The label space is decided by tag_dictionary. When the path to the tag_dictionary is not exist, the code will read the dataset and create a new tag_dictionary in the path. For example at resources/taggers/your_ner_tags.pkl. Note that if the path to tag_dictionary exists, the code will follow the tags in that tag_dictionary, so please be careful about that. Therefore, you can simply specify path to your dataset and the new tag_dictionary path.

targets: ner
ner:
  Corpus: ColumnCorpus-1
  ColumnCorpus-1: 
    data_folder: datasets/conll_03_new
    column_format:
      0: text
      1: pos
      2: chunk
      3: ner
    tag_to_bioes: ner
  tag_dictionary: resources/taggers/your_ner_tags.pkl
AtharvanDogra commented 2 years ago

@wangxinyu0922 OK i'll give it a try once I am able to reproduce the results from your dataset only, then I'll let you know if it worked

AtharvanDogra commented 2 years ago
the _ _ O
main _ _ O
contractor _ _ O
was _ _ O
ssangyong _ _ B-CORP
engineering _ _ I-CORP
and _ _ I-CORP
construction _ _ I-CORP
. _ _ O

I have a dataset with tokens and tags like this, how should I proceed with using it in this model? Training and predicting.

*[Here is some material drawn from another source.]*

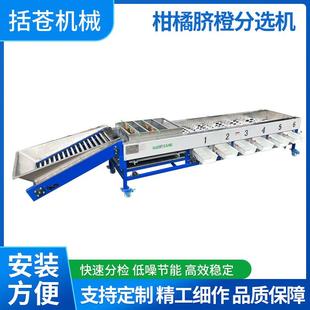 柑橘脐橙分选机水果清洗分级一体机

(P.S. I am still not able to run the test script on the model provided with you, but i've been able to train a new model on your dataset)

wangxinyu0922 commented 2 years ago
the _ _ O
main _ _ O
contractor _ _ O
was _ _ O
ssangyong _ _ B-CORP
engineering _ _ I-CORP
and _ _ I-CORP
construction _ _ I-CORP
. _ _ O

I have a dataset with tokens and tags like this, how should I proceed with using it in this model? Training and predicting.

(P.S. I am still not able to run the test script on the model provided with you, but i've been able to train a new model on your dataset)

To train and test on a new dataset like this, just follow the dataset settings above. Specify your data_folder in the config and use a new tag_dictionary path.

For the testing, if you have successfully trained a model on your own dataset, the testing should be successful as well. You may provide some screenshots of the problem so that I can help you further (is it the problem in another issue?).